È molto facile confondere il cammino di fede come un perfezionismo, un modo per diventare “bravi e buoni”, migliori degli altri: persone che seguono una legge ma che sono indifferenti ai dolori e ai bisogni dei loro vicini, preoccupati soltanto di salvare loro stessi…
È questo l’atteggiamento del sacerdote e del levita: notano il fratello che ha bisogno, ma è più importante per loro l’osservanza della legge, che gli vieta di fermarsi, che aiutare chi ha bisogno. Quante volte anche noi ci siamo voltati dall’altra parte per non essere disturbati dai problemi del fratello, preoccupati solo di sentirci “a posto”.
Solo il samaritano non esita a soccorrerlo, perché in lui ha più forza l’amore, la compassione. Questo uomo non deve difendere la sua reputazione, non si sente così importante o giusto da ignorare il fratello da aiutare, non crede di essere superiore a chi, in fondo, ha sbagliato percorrendo una strada pericolosa, quella del vizio e del peccato: guarda prima come poterlo aiutare.
Il samaritano è l’immagine di Cristo, dicono i Padri, che con noi non usa la legge ma l’Amore. Scrive infatti Origene: «l’uomo che discendeva rappresenta Adamo, Gerusalemme il paradiso, Gerico il mondo, i briganti le potenze nemiche, il sacerdote la legge, il levita i profeti e il samaritano il Cristo. Le ferite riportate sono la disobbedienza, la cavalcatura il corpo del Signore, il “Pandochium” – cioè l’albergo aperto a tutti coloro che vogliono entrare – raffigura infine la Chiesa».
Solo chi è di Cristo verrà a soccorrerci nelle nostre sofferenze, nel nostro buio esistenziale, nella nostra paura del domani; si interesserà di noi. Nessuno dei bravi cristiani, devoti e “perfetti” nell’osservanza della legge, ci aiuterà nel momento del bisogno.

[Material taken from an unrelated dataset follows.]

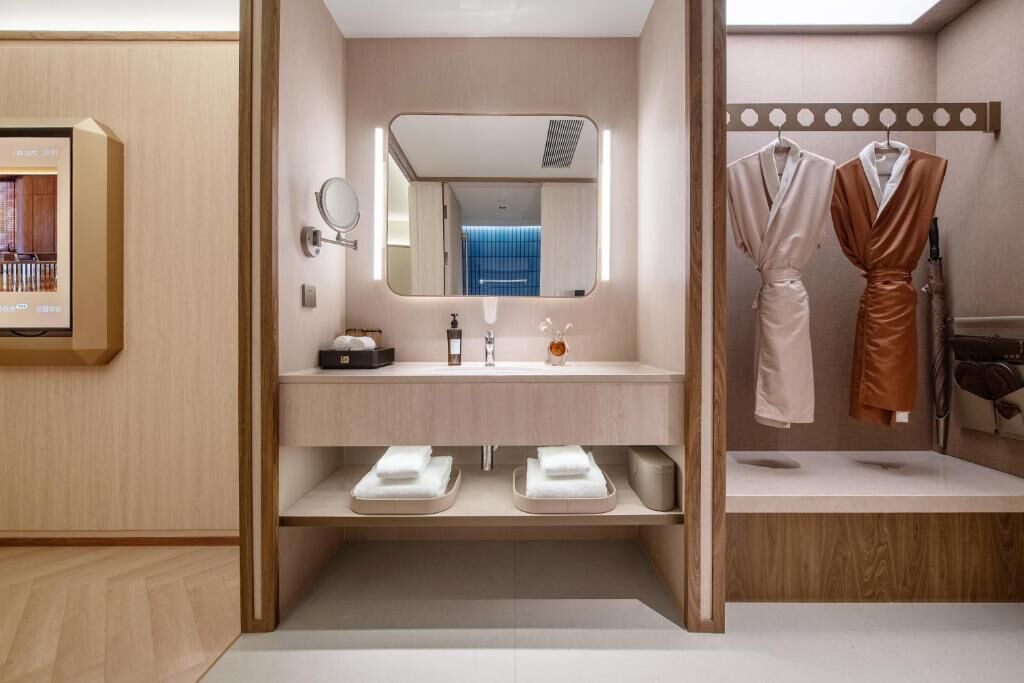 Un baño moderno con tocador de madera, un espejo, un lavabo y dos toallas.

Il Samaritano che ha preso in carica l’umanità moribonda, Cristo, continua oggi la Sua opera attraverso i cristiani, che hanno la missione di curare l’umanità dolorante: nell’uomo che ancora oggi si china su chi ha sbagliato si fa presente Cristo, che rimane sempre accanto a noi, che viene a curarci le ferite donandoci il Suo perdono.